Unfortunately, as noted above – and as you will see from continuing to read below – nothing has changed.  Despite overwhelming evidence demonstrating the significantly increased risks of injury for players who play 2 or more 90+ minute soccer matches per week and/or have less than 2 full days off in between matches, Canadian College and University Soccer is still hurting young soccer players with the same antiquated, congested schedule of 1.5-2 matches per week.

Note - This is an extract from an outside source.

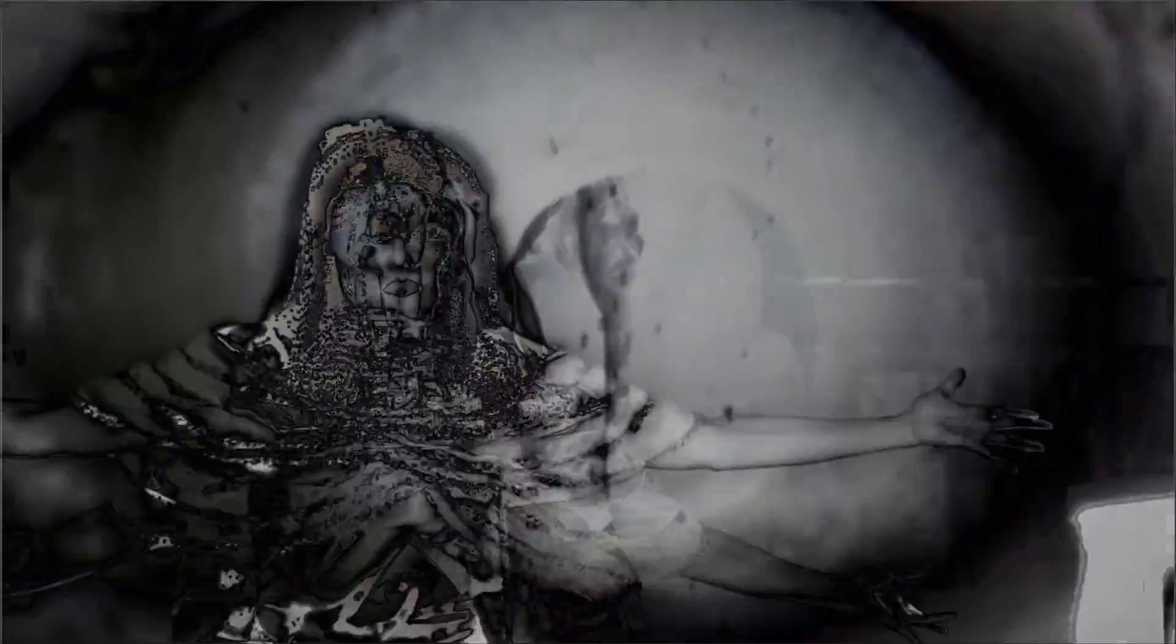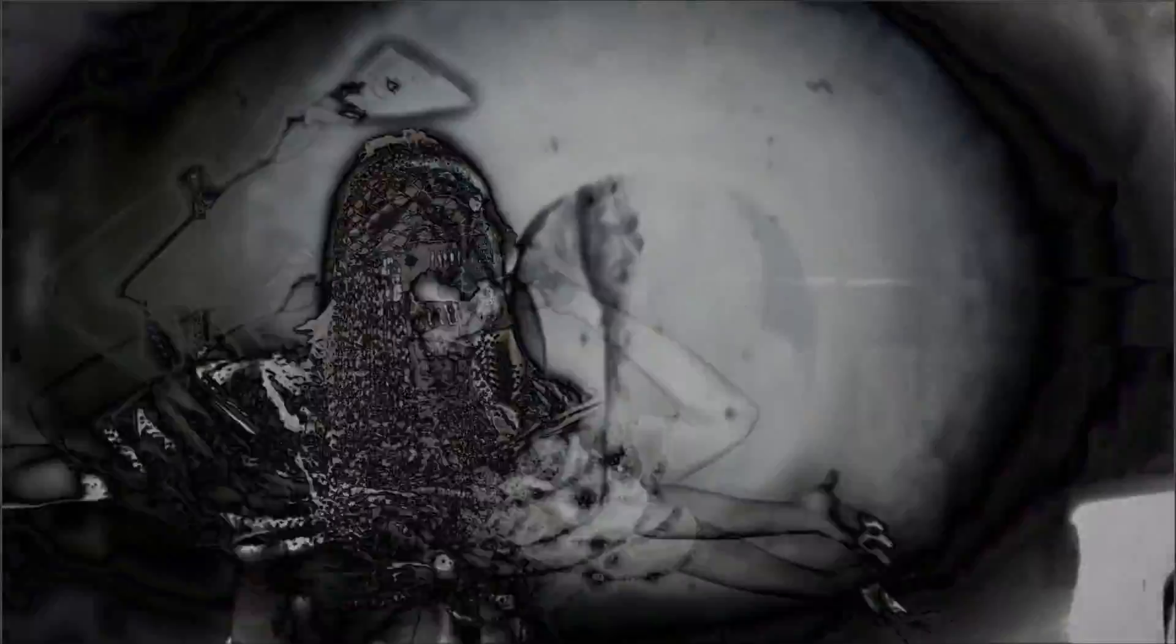The conscious universe and we as conscious holograms or cells in its body may well be dreaming during the heavy and confusing Kali Yuga.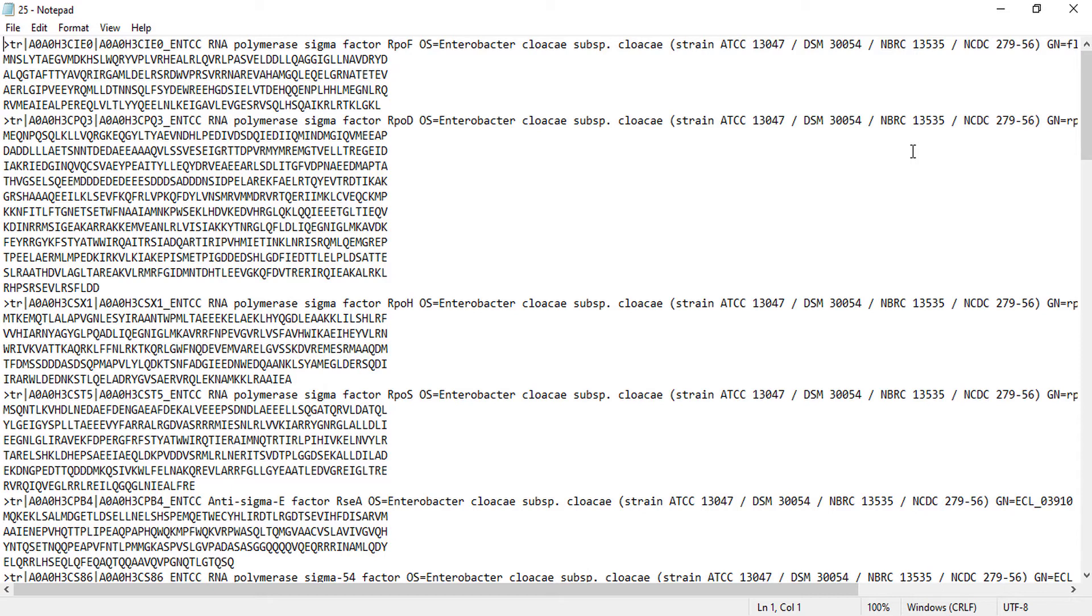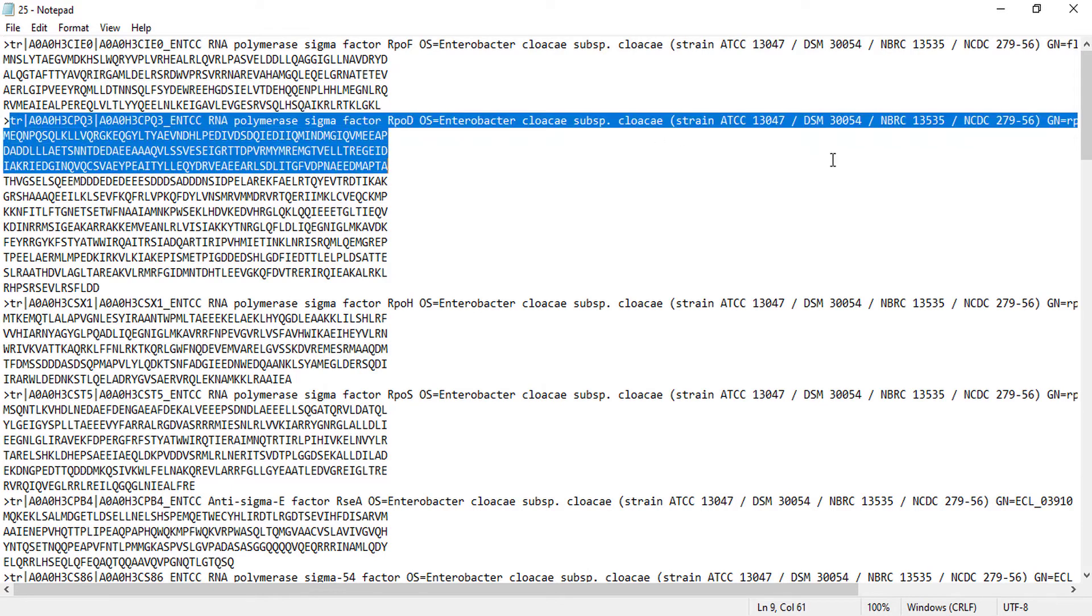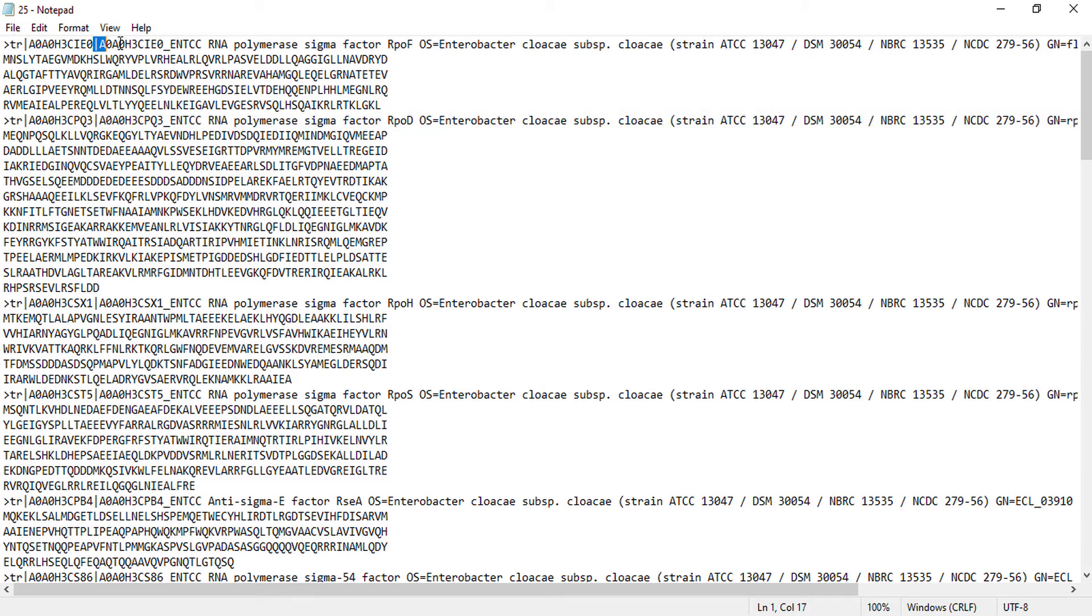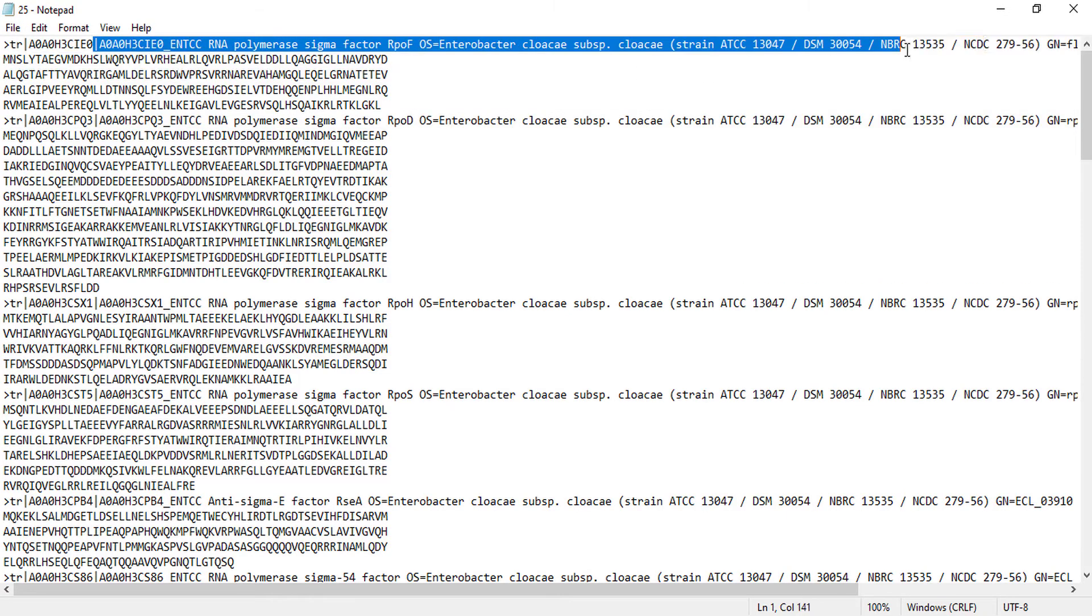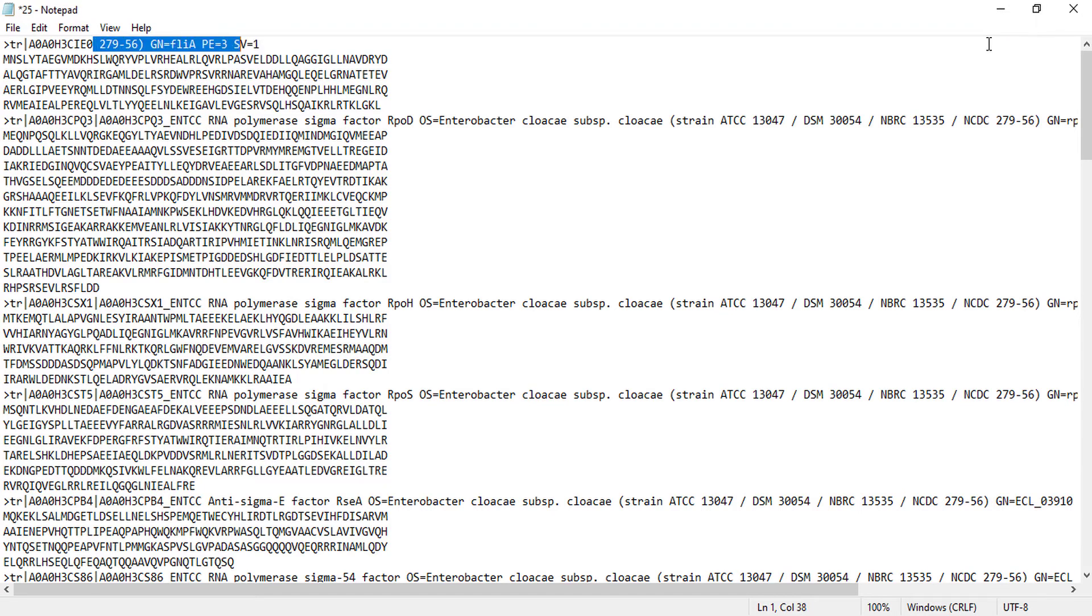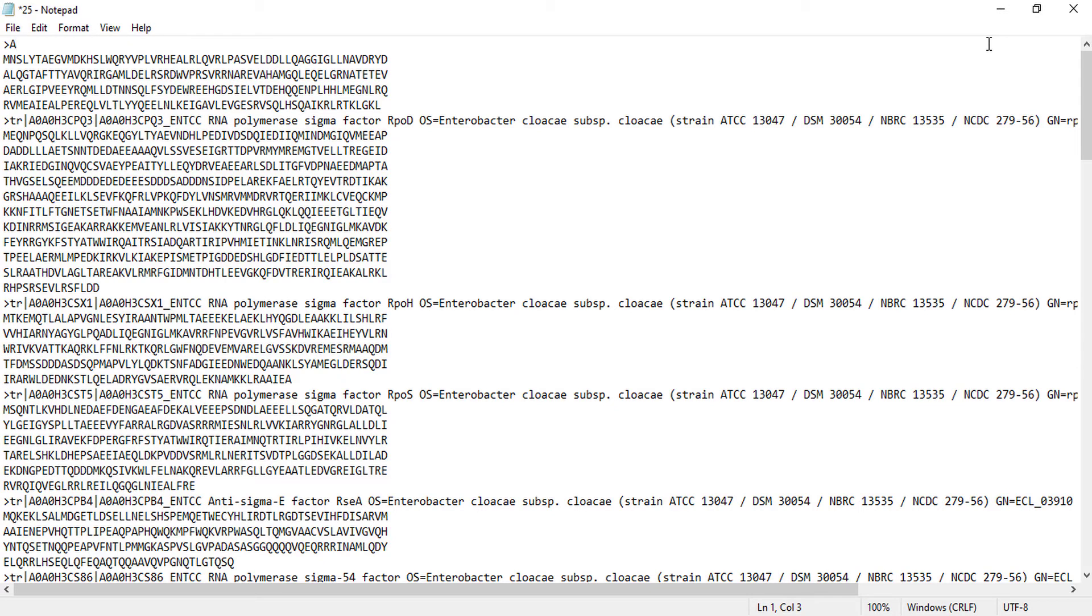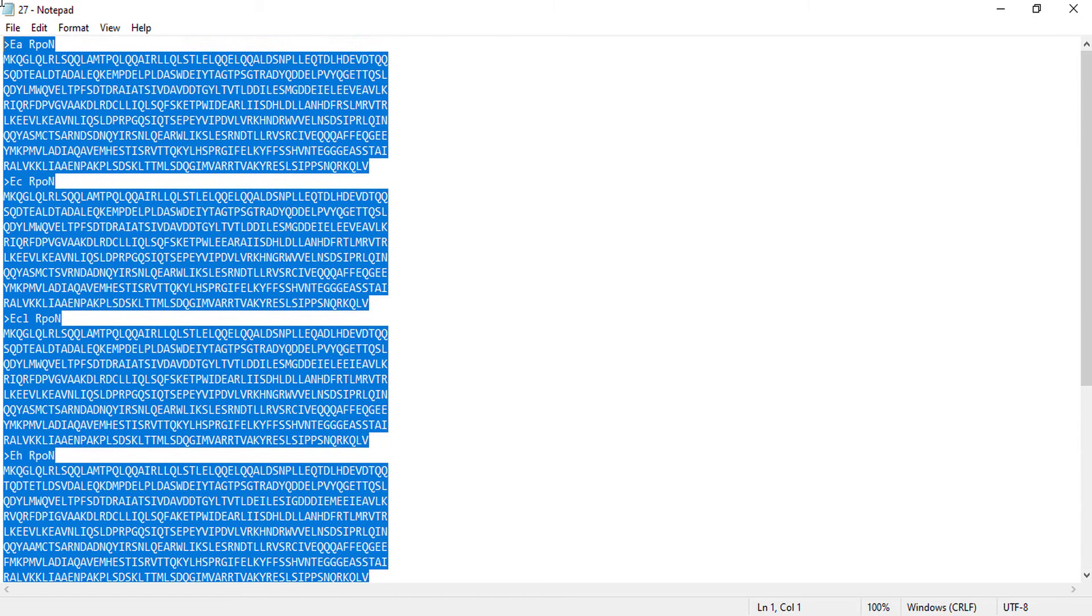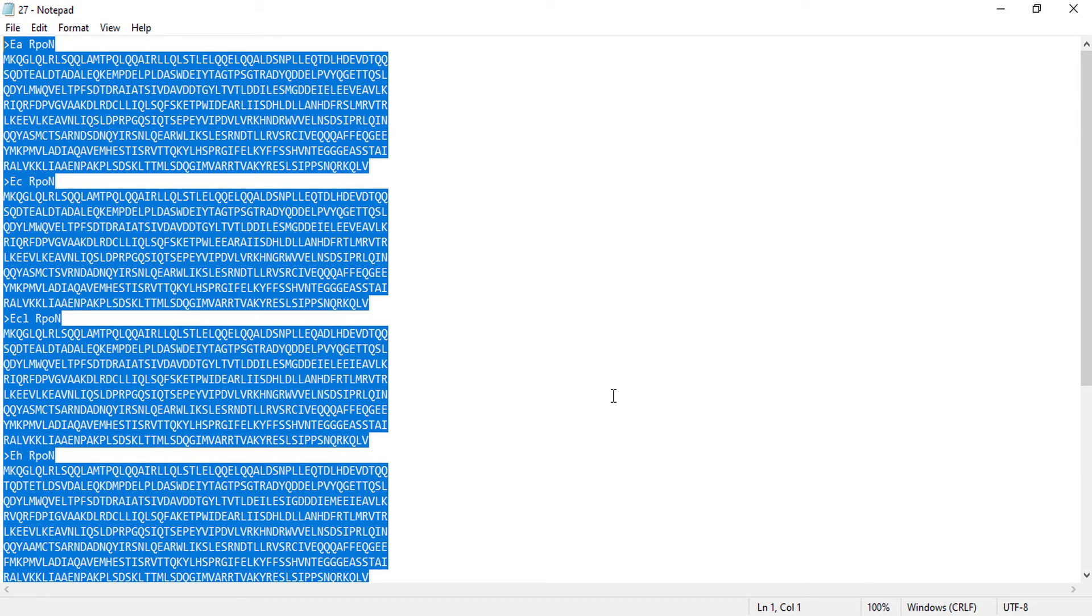But first we have to refine our sequence. We don't need this long description of the protein here. We only need the protein sequence. To refine a sequence description, we have to delete unnecessary details. One thing we can do is use only the protein ID if we want, or we can specify proteins by alphabets A, B, or C, or 1, 2, 3 as we want. I have only used a strain name as it was a bacterial sequence. I will use only these proteins to construct a phylogenetic tree.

Below is a revised version of my original article, updated to include all OCAA, CCAA, OUA, and U-Sports competitive regular season and post-season schedules for the 2017 men’s soccer seasons.  I hope you enjoy reading it and I also hope it might motivate those of you in the soccer community to seek out ways in which changes can be made for the safety and protection of young soccer players nation-wide.

It’s also hard to believe, but we are now approaching the first week of November, 2017.  For college and university soccer players, if you’re lucky enough to still be playing by this time of year, it means you have progressed deep into the play-offs and are very close to qualifying for the National Championships, which are typically finished by November 15th.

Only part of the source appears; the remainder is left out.